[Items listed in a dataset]
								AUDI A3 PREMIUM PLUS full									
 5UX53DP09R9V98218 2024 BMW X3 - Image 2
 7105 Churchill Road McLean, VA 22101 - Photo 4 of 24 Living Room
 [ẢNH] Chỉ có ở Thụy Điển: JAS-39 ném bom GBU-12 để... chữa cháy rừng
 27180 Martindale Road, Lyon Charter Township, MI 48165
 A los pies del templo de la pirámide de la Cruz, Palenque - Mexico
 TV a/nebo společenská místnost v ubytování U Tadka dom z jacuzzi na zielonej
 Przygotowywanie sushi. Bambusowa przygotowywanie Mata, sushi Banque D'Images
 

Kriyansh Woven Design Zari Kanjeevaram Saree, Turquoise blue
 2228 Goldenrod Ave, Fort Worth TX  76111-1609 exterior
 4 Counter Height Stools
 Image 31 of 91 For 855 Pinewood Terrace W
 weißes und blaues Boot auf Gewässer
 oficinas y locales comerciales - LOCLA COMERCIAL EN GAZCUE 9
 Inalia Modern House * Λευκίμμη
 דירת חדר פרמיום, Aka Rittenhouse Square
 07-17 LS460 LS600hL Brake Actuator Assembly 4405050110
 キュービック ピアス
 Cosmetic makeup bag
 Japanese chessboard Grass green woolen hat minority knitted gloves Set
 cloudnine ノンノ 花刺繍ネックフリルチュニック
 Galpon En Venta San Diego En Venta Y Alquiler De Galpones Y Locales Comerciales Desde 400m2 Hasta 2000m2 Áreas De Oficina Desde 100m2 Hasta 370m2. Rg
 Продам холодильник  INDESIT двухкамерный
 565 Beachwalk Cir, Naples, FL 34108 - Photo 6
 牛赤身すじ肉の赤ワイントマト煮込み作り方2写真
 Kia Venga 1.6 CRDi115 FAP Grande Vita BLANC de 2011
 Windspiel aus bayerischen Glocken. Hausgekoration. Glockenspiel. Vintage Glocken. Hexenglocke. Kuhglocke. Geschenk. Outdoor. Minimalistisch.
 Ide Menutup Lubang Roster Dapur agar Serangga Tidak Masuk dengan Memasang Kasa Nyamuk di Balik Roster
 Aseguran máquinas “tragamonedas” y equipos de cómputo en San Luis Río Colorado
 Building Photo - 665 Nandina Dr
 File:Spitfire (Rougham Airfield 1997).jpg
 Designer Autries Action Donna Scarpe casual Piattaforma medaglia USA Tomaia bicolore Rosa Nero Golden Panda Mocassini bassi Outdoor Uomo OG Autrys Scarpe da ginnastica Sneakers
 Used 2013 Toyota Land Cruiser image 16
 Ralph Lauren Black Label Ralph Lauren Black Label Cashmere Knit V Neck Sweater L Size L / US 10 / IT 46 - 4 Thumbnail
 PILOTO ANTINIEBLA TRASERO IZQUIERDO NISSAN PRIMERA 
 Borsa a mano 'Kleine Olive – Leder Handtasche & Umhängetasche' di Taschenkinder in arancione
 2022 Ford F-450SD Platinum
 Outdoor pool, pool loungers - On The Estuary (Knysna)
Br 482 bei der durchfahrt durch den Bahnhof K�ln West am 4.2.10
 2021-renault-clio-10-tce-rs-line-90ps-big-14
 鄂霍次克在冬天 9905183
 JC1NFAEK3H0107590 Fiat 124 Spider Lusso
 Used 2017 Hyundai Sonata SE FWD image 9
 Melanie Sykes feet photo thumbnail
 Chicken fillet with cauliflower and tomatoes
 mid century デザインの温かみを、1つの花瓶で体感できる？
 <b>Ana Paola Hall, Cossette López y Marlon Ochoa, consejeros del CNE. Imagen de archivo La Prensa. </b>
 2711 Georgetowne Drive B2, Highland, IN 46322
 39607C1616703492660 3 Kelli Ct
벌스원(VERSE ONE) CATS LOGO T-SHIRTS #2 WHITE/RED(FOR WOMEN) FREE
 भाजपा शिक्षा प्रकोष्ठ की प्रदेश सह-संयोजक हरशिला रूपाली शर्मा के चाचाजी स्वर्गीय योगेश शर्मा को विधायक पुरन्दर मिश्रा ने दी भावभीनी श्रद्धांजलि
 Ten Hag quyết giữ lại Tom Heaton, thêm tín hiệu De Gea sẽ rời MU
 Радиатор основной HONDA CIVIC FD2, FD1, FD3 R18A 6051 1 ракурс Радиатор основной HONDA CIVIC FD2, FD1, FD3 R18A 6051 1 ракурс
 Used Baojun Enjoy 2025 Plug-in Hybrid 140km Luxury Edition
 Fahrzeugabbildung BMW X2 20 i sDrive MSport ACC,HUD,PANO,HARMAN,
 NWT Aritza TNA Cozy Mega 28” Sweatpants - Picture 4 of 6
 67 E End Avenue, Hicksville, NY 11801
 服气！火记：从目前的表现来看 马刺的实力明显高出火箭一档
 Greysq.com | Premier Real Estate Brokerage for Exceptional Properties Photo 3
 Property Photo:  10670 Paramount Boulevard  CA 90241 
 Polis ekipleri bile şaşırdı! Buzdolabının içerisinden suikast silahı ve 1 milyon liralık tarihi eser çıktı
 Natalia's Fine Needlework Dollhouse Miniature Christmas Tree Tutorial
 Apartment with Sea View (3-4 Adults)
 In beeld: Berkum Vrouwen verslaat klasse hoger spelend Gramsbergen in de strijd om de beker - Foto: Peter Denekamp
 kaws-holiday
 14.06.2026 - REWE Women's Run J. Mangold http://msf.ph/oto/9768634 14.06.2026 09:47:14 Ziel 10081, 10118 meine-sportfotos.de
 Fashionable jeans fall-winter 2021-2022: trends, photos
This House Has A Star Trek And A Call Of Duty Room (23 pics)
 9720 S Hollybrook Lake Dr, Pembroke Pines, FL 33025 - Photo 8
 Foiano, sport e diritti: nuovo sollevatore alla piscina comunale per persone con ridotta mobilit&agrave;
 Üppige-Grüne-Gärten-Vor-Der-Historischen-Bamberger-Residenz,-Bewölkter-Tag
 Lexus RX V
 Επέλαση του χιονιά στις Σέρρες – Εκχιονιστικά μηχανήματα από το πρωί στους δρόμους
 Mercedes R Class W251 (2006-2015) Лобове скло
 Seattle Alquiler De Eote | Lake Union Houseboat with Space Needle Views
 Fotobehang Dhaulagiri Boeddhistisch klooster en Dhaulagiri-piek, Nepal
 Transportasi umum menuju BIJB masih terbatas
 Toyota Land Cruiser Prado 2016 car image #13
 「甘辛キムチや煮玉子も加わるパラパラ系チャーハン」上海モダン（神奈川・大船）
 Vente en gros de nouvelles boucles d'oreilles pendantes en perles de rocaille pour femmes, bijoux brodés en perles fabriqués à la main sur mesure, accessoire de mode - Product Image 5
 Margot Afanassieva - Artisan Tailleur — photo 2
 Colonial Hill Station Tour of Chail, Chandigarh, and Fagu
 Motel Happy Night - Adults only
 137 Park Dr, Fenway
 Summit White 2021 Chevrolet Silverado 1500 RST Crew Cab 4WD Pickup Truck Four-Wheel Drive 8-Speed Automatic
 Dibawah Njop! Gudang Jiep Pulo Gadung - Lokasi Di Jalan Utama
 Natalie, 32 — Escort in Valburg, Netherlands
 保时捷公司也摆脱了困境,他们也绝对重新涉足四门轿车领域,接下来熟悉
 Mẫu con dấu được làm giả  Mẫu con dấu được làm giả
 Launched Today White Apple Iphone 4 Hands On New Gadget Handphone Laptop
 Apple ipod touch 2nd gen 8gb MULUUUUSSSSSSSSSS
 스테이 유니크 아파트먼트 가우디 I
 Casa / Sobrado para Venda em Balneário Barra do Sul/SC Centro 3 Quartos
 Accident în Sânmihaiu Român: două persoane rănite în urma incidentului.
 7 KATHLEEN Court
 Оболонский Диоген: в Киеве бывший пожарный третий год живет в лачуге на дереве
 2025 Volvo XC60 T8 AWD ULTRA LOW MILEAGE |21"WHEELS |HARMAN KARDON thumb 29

_Activity_
Scan the entries for lines with the string "Adults". Report only how many there are.

_Result of the task_
2